USO RACIONAL DE ÁGUA E DE TECNOLOGIAS APROPRIADAS PARA ENFRENTAR A SECA

São Paulo tem 2,4 milhões de hectares de agricultura irrigada, representando quase um terço dos 8,2 milhões de hectares irrigados no Brasil e quase 10% da extensão territorial do estado. Os dados são do Atlas da Irrigação, lançado no início de 2021 pela Agência Nacional de Águas e Saneamento (ANA). A fertirrigação na cultura da cana-de-açúcar representa 82% da irrigação em território paulista, na região de Ribeirão Preto.

A importante utilização da irrigação é um indicador do emprego de tecnologias para o uso mais racional de água no estado, mas os especialistas acreditam que é possível e recomendável ampliar ainda mais a implementação de alternativas tecnológicas existentes, diante do enorme desafio representado pelos impactos das mudanças climáticas na agricultura paulista, e em particular no caso de estiagens prolongadas.

“Realmente estão ocorrendo eventos climáticos extremos mais frequentes e uma das ações possíveis é o amplo leque de tecnologias já comprovadas”, observa Regina Célia de Matos Pires, pesquisadora do IAC.

Ela nota que em algumas culturas agrícolas a demanda por água ocorre justamente na época em que as estiagens são mais frequentes, entre abril e agosto ou setembro.

Uma das alternativas tecnológicas existentes, destaca a pesquisadora, é o uso pelo agricultor de materiais genéticos mais adequados à sua área de plantio, considerando as suas condições hídricas, morfológicas, químicas e físicas.

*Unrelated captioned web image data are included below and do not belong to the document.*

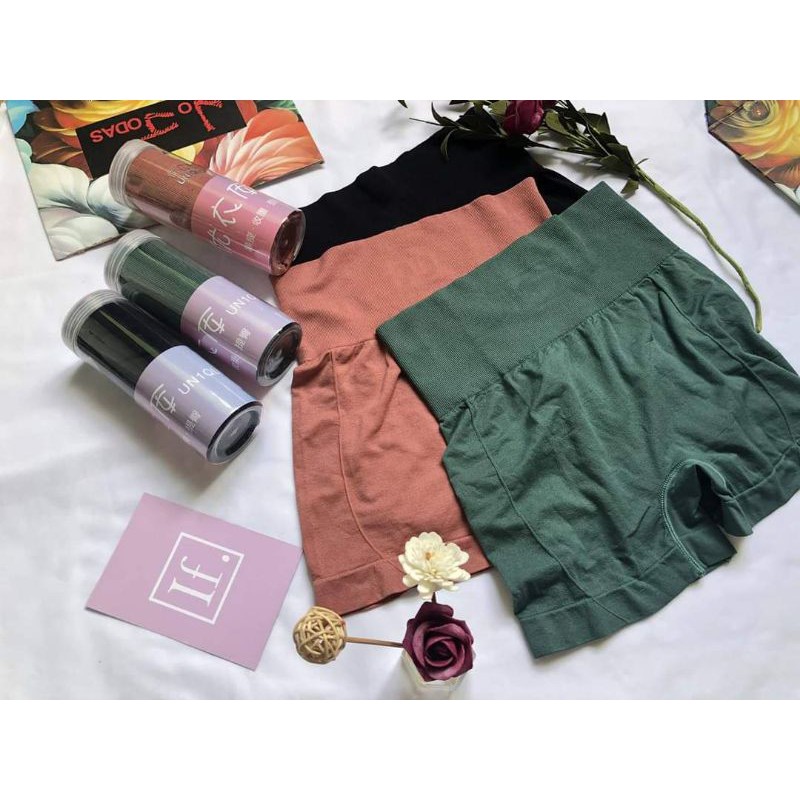 Quần gen bụng UNIQLO | BigBuy360 - bigbuy360.vn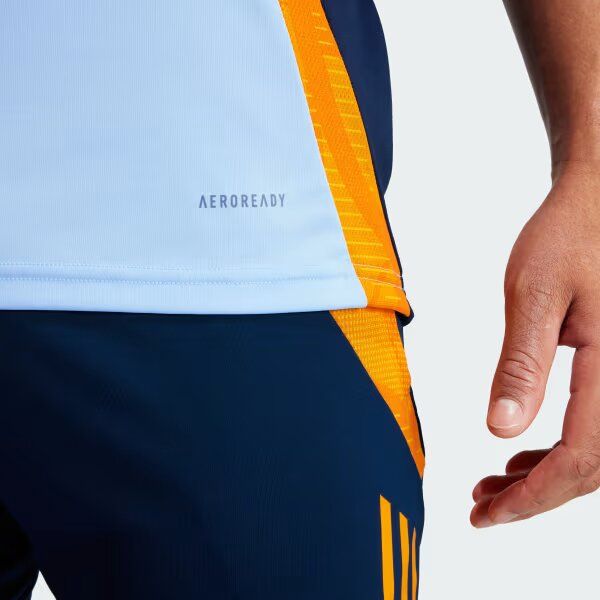 New Season 2025 Real Madrid Pre-match Training Kit Jersey - Stay dry Technology                      .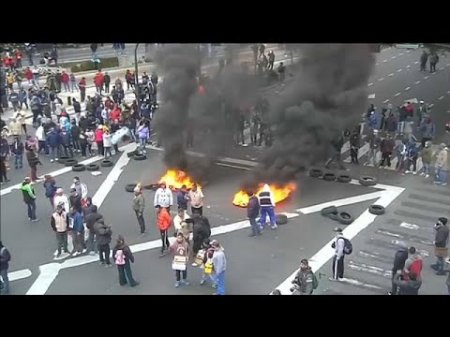 Разгон протестов в Буэнос-Айресе  - (видео)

Assim, é fundamental a escolha da variedade mais adequada ao ambiente local. O próprio Instituto Agronômico de Campinas tem um histórico de intensivo de desenvolvimento de novas variedades de diversos produtos agrícolas.

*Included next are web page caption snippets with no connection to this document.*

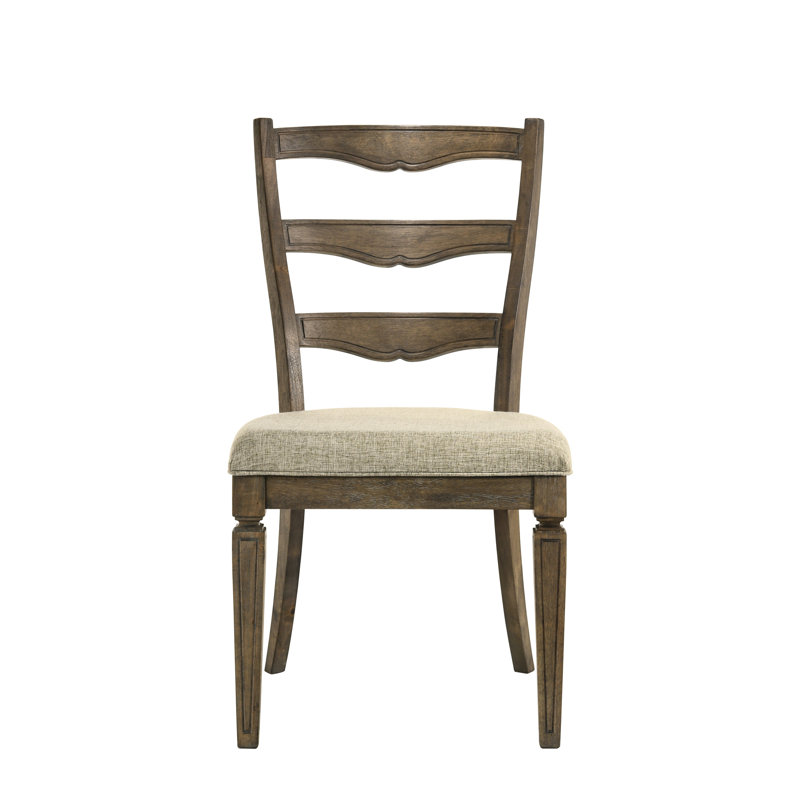 Chaise d'appoint en tissu brun et chêne vieilli 2. Siège rembourré avec coussin de 2 po de densité D22. Fabrication en bois massif. Aspect classique et polyvalent. Charmantes pattes arrières antiques. P 19 po x l 39 po x H 35 po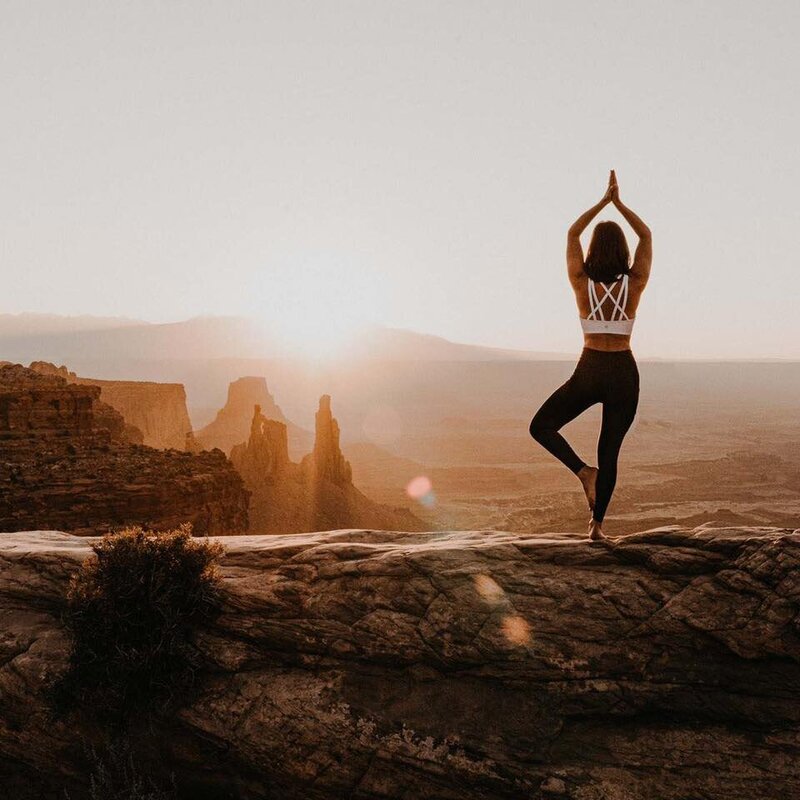 moab utah yoga mesa arch makayla madden photography sunrise
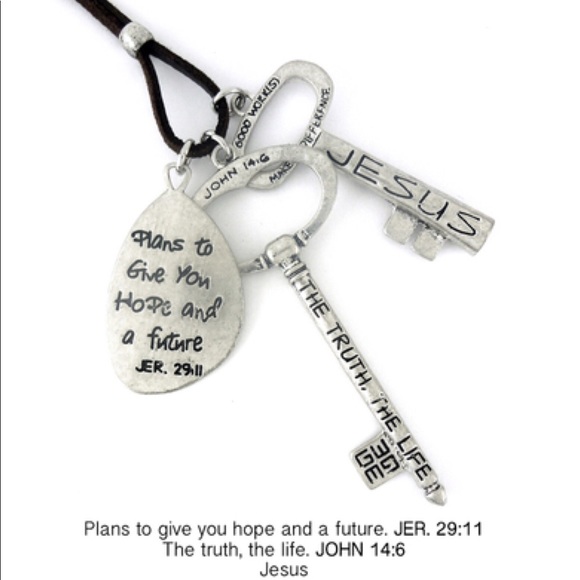 good work s make a difference jewelry key charm necklace poshmark good works necklace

Recentemente, o IAC lançou duas novas variedades de cana-de-açúcar, a IACSP01-5503 e a IACSP01-3127, que apresentam perfis distintos mas ambas com alto desempenho. A IACSP01-5503 é indicada para as regiões de Cerrado, caracterizadas por menor fertilidade natural e capacidade de armazenamento de água. Por sua vez, a IACSP01-3127, mais responsiva, é apropriada para ambientes com melhor distribuição de chuvas.

Regina Célia de Matos Pires lembra que também existem várias técnicas que favorecem a retenção de água, em culturas de sequeiro, de modo que as plantas possam completar o seu ciclo produtivo. Nas culturas irrigadas, completa, é possível utilizar técnicas da chamada irrigação deficitária,”quando é aplicada uma quantidade menor do que a demandada pela planta naquele estágio de desenvolvimento e ainda sim ela reporta boa produtividade”.

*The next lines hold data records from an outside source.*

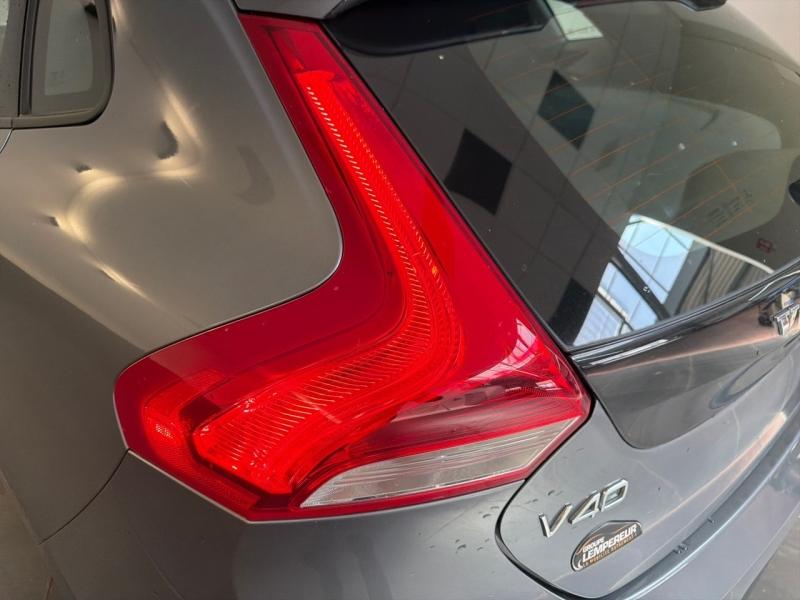 Image VOLVO V40 T2 122ch Momentum Geartronic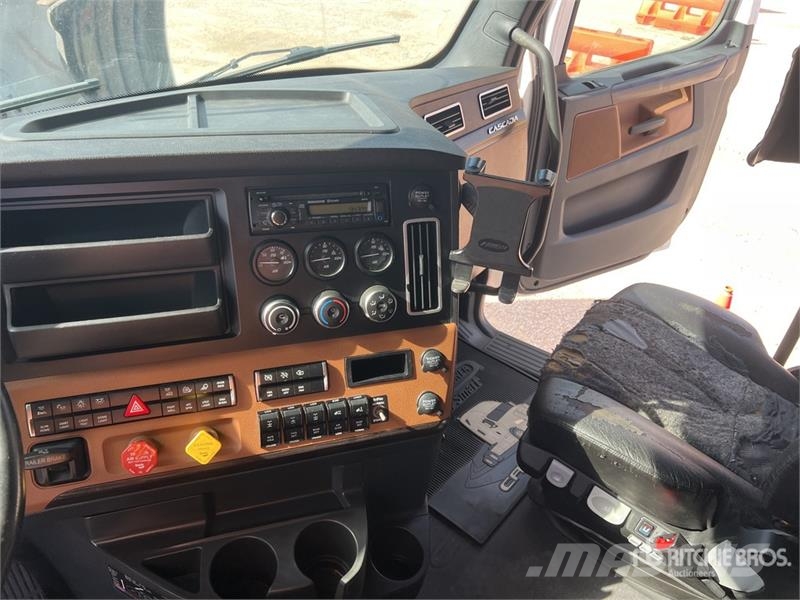 Freightliner Cascadia 126 6x4 T/A Sleeper Truck Tractor Tractor Units
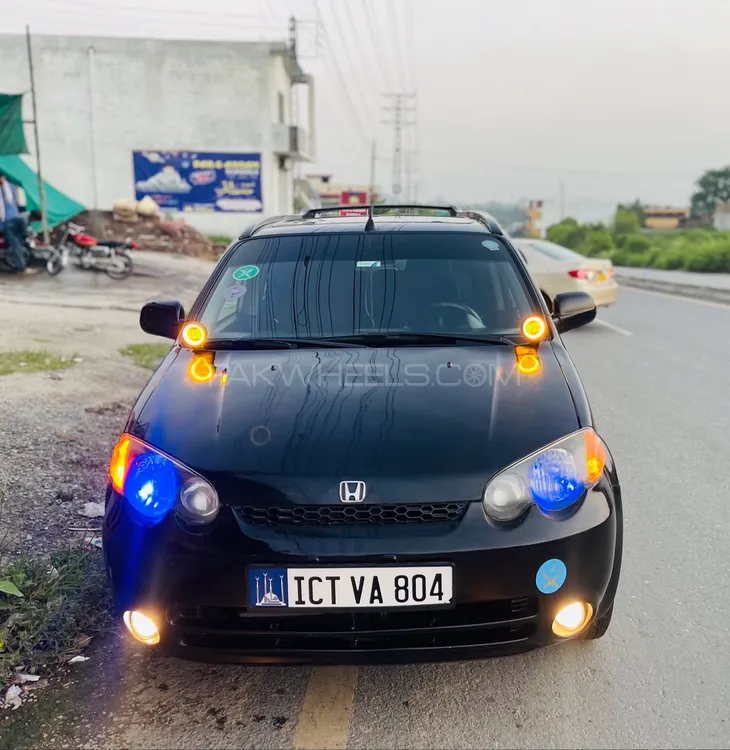 Honda HR-V 2003 for Sale in Islamabad Image-1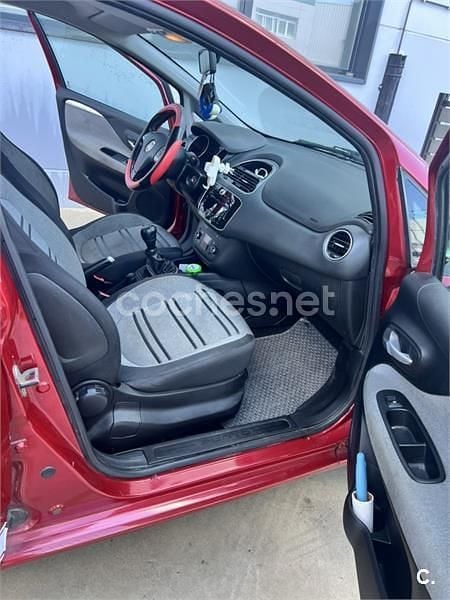 Usado Fiat Punto Evo Dynamic 95 CV (69 kW) 2011 Granate Utilitario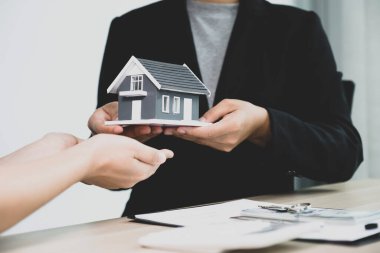 Bir emlakçı tut, ev modelini tut, ve iş sözleşmesini açıkla, kira, satın alma, ipotek, kredi veya ev sigortasını alıcıya.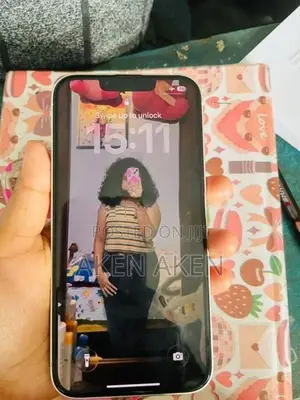 Apple iPhone 13 (Used)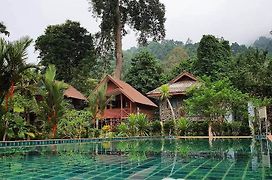 Malulee Khaosok Resort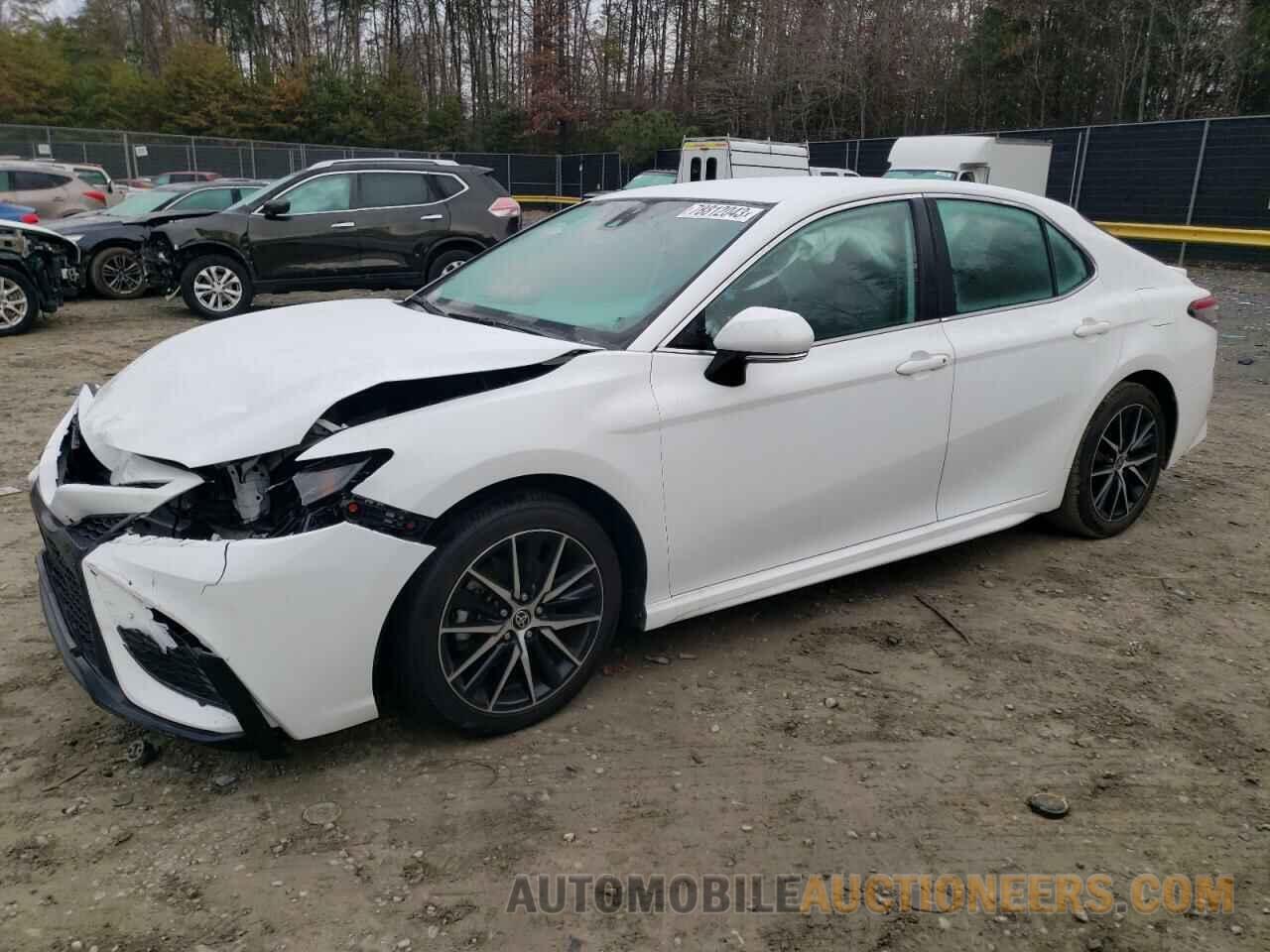 4T1G11AK2NU684028 TOYOTA CAMRY 2022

Mais uma alternativa citada pela especialista é o uso de águas residuárias, dependendo do que diz a legislação para evitar contaminações. No quadro de escassez de recursos hídricos, ela acredita que o uso de águas residuárias é uma tendência considerável.

Tecnologias mais avançadas também estão em estudo, salienta Regina. Ela mesma participa de um projeto em curso na região de Ribeirão Preto, utilizando Veículos Aéreos Não Tripulados (VANTS), equipados com câmeras termográficas e multiespectrais, para monitorar de forma remota a disponibilidade de água em grandes extensões de plantio de cana-de-açúcar e citros.

Regina e outros pesquisadores interpretam as imagens captadas, para avaliar o estado hídrico da planta. Correlacionando com indicadores como os dados diários de clima, ela afirma que é possível identificar medidas de manejo adequado, que podem inclusive economizar a irrigação ao longo do ciclo produtivo da planta, sem a necessidade de uso de sensores in loco.

De qualquer modo, a pesquisadora do IAC acredita que é fundamental a intensificação do uso das alternativas tecnológicas existentes, diante dos cenários de estresse hídrico cada vez mais acentuados e frequentes. “O IAC procura uma atuação muito próxima do sistema produtivo, para ajudar a identificar os gargalos e a buscar as melhores soluções”, complementa.

Também pesquisador do IAC, Gabriel Blain entende que o enfrentamento do cenário criado por eventos climáticos extremos cada vez mais frequentes, e sobretudo no caso de secas prolongadas, passa por um conjunto de medidas. “A alternativa é investir em tecnologia, no uso racional da água, em técnicas apropriadas de irrigação e utilizar espécies mais resistentes à seca. E sempre que possível poupar o recurso água, os recursos naturais. É o que pode ser feito”, resume.

Na sua opinião, os agricultores têm feito a sua parte, mas nota que algumas soluções “dependem de ações nacionais, pois a atmosfera não conhece fronteiras”. Neste sentido,  considera que “a sociedade como um todo precisa estar mais atenta” à maior frequência de eventos climáticos extremos, o que na sua avaliação “não vem sendo feito de forma satisfatória”, citando o caso do desmatamento na Amazônia e seus efeitos no regime de chuvas no estado de São Paulo e em toda Região Sudeste, como tem sido demonstrado em vários estudos científicos.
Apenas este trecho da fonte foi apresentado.